Il ne s’agit plus d’accommodements raisonnables mais de capitulation en rase campagne. Au Royaume-Uni le parquet général s’abstient de poursuivre les affaires de mariages forcés, craignant à l’évidence des réactions de violence dans la « communauté asiatique », massivement pakistanaise et musulmane outre-Manche. Le scandale est révélé par un commissaire de Scotland Yard, Pal Singh, qui s’est exprimé coiffé d’un grand turban sikh. Il est repris par toute la presse britannique, du conservateur Daily Telegraph au populaire Daily Mail. Il est rarissime qu’un cadre de la police s’en prenne au parquet général même si ce dernier est soumis à une pluie de critiques depuis quelques temps, au sujet de ses poursuites dans des cas de pédophilie, de viols et pour une série de procédures avortées contre des journalistes.
Ignorer les crimes d’honneur pour ne pas déplaire aux « quartiers »
Le commissaire Singh dénonce une « apathie » manifeste de la part du parquet, alors que le nombre de dénonciations de mariages forcés est en croissance exponentielle. « Les victimes se voient privées de leur droit à la justice, c’est pourquoi j’ai décidé de m’exprimer publiquement », a-t-il déclaré en introduction.
Pal Singh explique : « Il est clair que le parquet général freine des quatre fers pour ne pas instruire les cas de femmes asiatiques victimes de crimes d’honneur. Des inculpations pourraient entraîner des réactions dans les quartiers des communautés concernées. Or, quand les magistrats abandonnent une poursuite, ils savent que la plupart des autres victimes renonceront à porter plainte en raison de leur vulnérabilité ».
Pas de mariage forcé, juste de la violence en groupe…
Le commissaire Singh s’est résolu à parler quand la justice a renoncé à poursuivre dans l’affaire d’une jeune femme de 27 ans dont le frère et les parents étaient suspectés de violence et séquestration pour la forcer à se marier alors qu’elle entretenait déjà une autre relation. Son partenaire a été menacé de violences. Bien que les brutalités aient été confirmées par un témoin indépendant de la famille, l’affaire a été partiellement classée. Le « courageux » magistrat instruisant l’affaire a écarté le principal chef d’inculpation, celui de mariage forcé.

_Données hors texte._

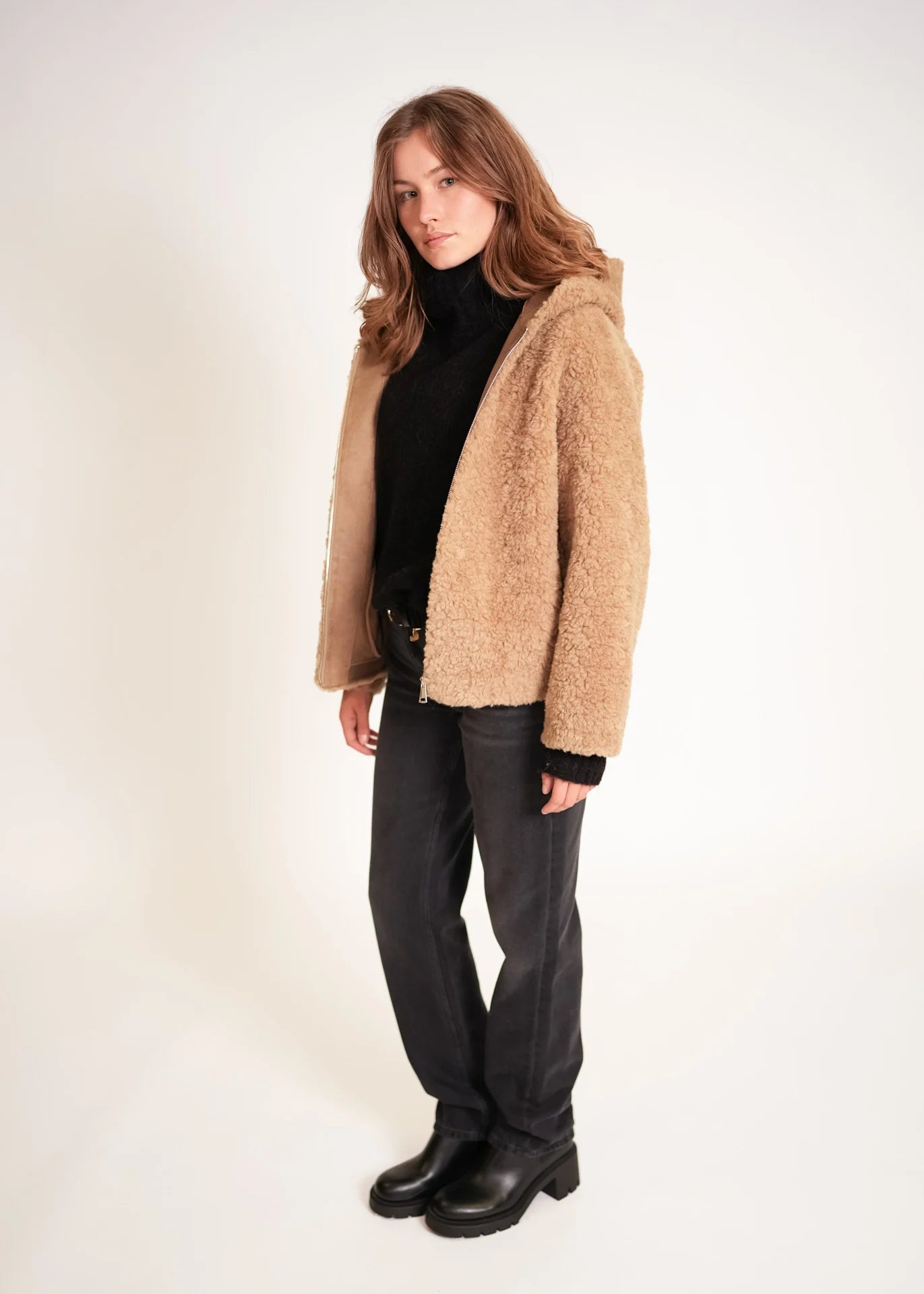 Teddyjacke mit Kapuze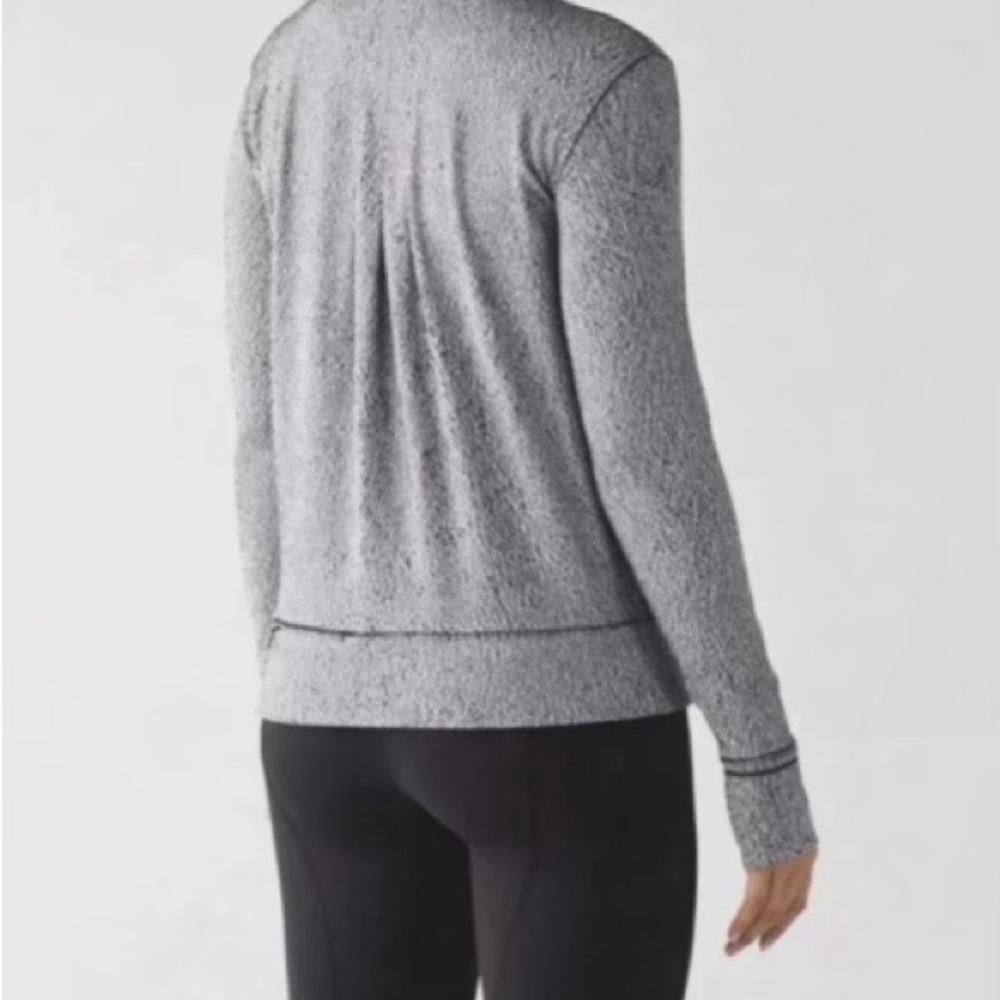 Lululemon Rush Hour Long Sleeve Luon Spray Jacquard White/Black Top - Size 4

Toute honte bue, le chef du parquet général a écrit une lettre d’excuses au commissaire : « J’accepte de reconnaître que mon service a pris la décision de ne pas poursuivre pour mariage forcé sans vous consulter, et je vous prie de m’en excuser ». Il souligne toutefois que les charges de séquestration et violences en groupe sont maintenues. Ultérieurement, les magistrats se sont défendus en affirmant qu’ils ne détenaient pas suffisamment de preuves car la police n’avait pas pu localiser la victime, qui a fui sa famille, même si le commissaire Singh avait assuré que la victime était prête à se présenter devant une cour.
1,2 millions de musulmans pakistanais, 450.000 bengladeshis
Si l’affaire avait complètement été instruite à charge, elle eût constitué le premier cas de poursuite de ce type en Angleterre. Un cas avait abouti à une procédure, l’an dernier, mais en Ecosse. Ceci est assez effarant vu le nombre potentiel de mariages forcés dans un pays qui compte une communauté pakistanaise – essentiellement musulmane – évaluée au minimum à 1,2 million de personnes, presque autant que la communauté indienne qui comporte une minorité musulmane, et une communauté bengladeshie de 450.000 personnes, elles aussi massivement musulmane. « La ville de Bradford (478.000 habitants, NDLR) n’est plus une ville anglaise mais une cité entièrement islamisée », témoigne l’écrivain Pascal Bruckner dans Le Figaro de ce 8 novembre. Le Royaume-Uni compte 63 millions d’habitants.
Jasvinder Sanghera, directrice de Karma Nirvana, organisation non-gouvernementale d’assistance aux victimes de mariages forcés a qualifié le contenu du dossier qui fait scandale « d’effroyable » : « Je suis consternée de voir que le commissaire a enquêté comme il fallait, pour voir ensuite classer l’affaire ».
Les cas de mariages forcés en forte croissance et pourtant sous-estimés
En 2015, l’inspection générale de la police britannique a publié un rapport sur les enquêtes concernant les crimes d’honneur, les mariages forcés et les mutilations génitales, rappelle le Daily Telegraph. Il a établi que seulement trois des 43 corps de police du Royaume-Uni étaient formés pour lutter contre ce type de délinquance. D’après des chiffres publiés en septembre, le nombre de cas de mariages forcés transmis au parquet par la police a crû de 10 % en un an et presque doublé en cinq ans, de 46 à 90 cas. Et encore, les enquêteurs estiment que ces chiffres sous-estiment largement la réalité, un grand nombre de victimes n’osant pas porter plainte.